Early grade-school teachers traditionally have their students make sweet, cool gifts for Mother’s Day that moms can treasure; moms can also use some of the same ideas to recognize teachers on their special day/week with original and inexpensive gifts. (Plus, you can drop some hints around home--even in the ear of your significant other--about how the people who love you most can celebrate Mother’s Day! It’s a win-win investment of time and money.) Start, for example, with the following great ideas from “28 Simple Mother’s Day Crafts and Gift Ideas” from Teach Junkie:
“Top 10 Reasons I Love My Mom" – It’s like a great big hug with every turn of the page. Along with the basic “list,” it could include poems, stories, illustrations, and cover art! (Think how easily this could be translated into “Top 10 Reasons My Teacher Is the Best!”)
Cookbook – Teach Junkie suggests combining the favorite recipes of moms in the class with student versions of their favorites to make a one-of-a-kind cookbook for moms. (In turn, YOU can be the gatherer, compiling your child’s classmates’ moms’ fave recipes and giving them to their teacher.)
Tile Trivets – The “teacher doing for moms” version urges asking for a donation from a local big-box hardware store for plain white glossy tiles. Teach Junkie says, “Use markers to create a unique design that shouts “Mother’s Day” and can be used as a trivet, a paper weight or even a garden stone.” (Yep, you guessed it. Change the message to something along the lines of “Best Teacher Ever!” For a little more money, you can also go to one of those “pottery painting” franchises that provide materials, including paint and glaze, and also fire the pieces to help make them long-lasting.
For other ways to help teachers and students any time of year, check out the Donors Choose.org page titled “Support a classroom. Build a future.” Many teachers nationwide are being asked to do more with less. A tall order for an already big job.

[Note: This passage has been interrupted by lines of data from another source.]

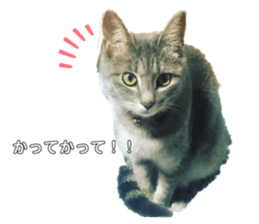 346422963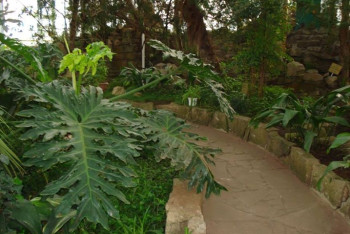 Фотография к новости: Статус особо охраняемой территории присвоят ботаническому саду в СКО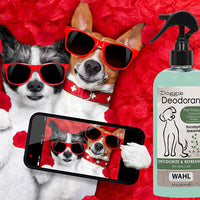 Wahl Doggie Desodorante Natural. - BESTMASCOTA.COM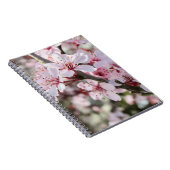 ピンクは赤い茎。 ノートブック (右側)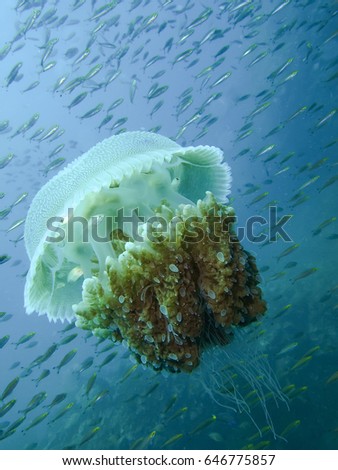 underwater picture of the big jelly fish in the deep of the sea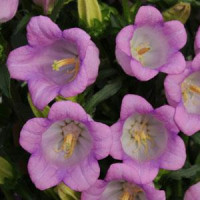  Дзвіночок середній CAMPANA LILAC, 100 шт, Kieftseed
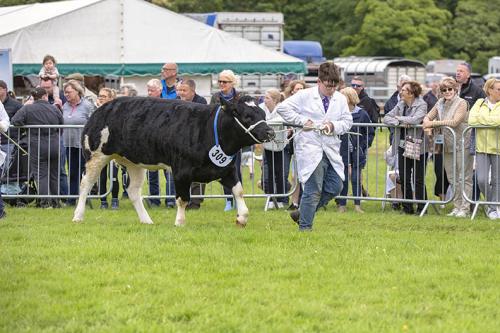 Royal Lancs Show 21072024 816
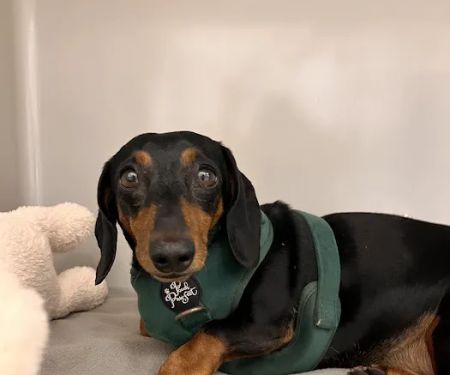 Small Door Veterinary - Newton Centre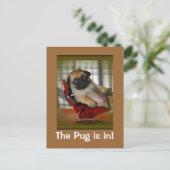 パグが入った！ ポストカード (スタンド正面)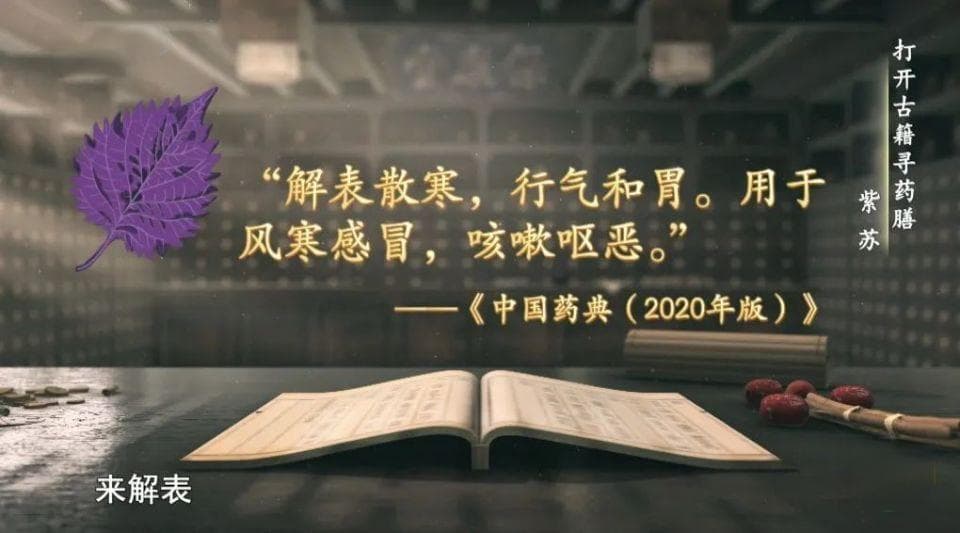 春天易生病？这3种“药”，就在你家餐桌上！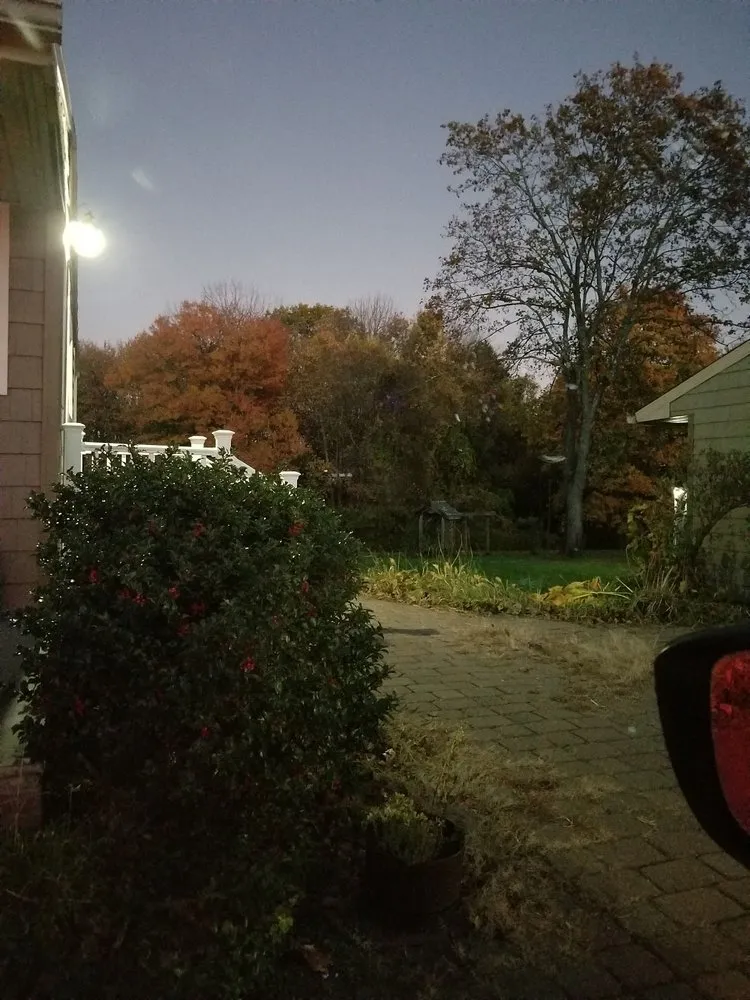 Slide of Reliant Electric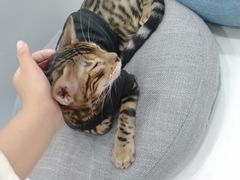 -糯米喵星人·撸猫猫舍咖啡馆(西市场嘉华店)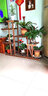 水培盆栽  紅掌金鉆室內陽(yáng)臺 水培綠植辦公桌觀(guān)葉花卉盆景水培植物 九里香(花邊圓球) 含盆 曬單實(shí)拍圖
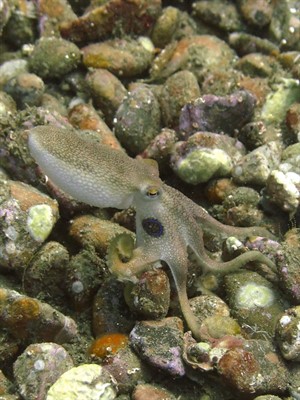 Picture of a cuttlefish on the ocean floor.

As former Oklahoma Governor Brad Henry, nicknamed “the education governor” once said, “A good teacher can inspire hope, ignite the imagination, and instill a love of learning.” Recognizing their efforts on National Teacher’s Day, as well as all through the year, can help keep them stay motivated and moving through the challenges they face, with they graciousness they so often demonstrate, including getting kids to remember Mother’s Day!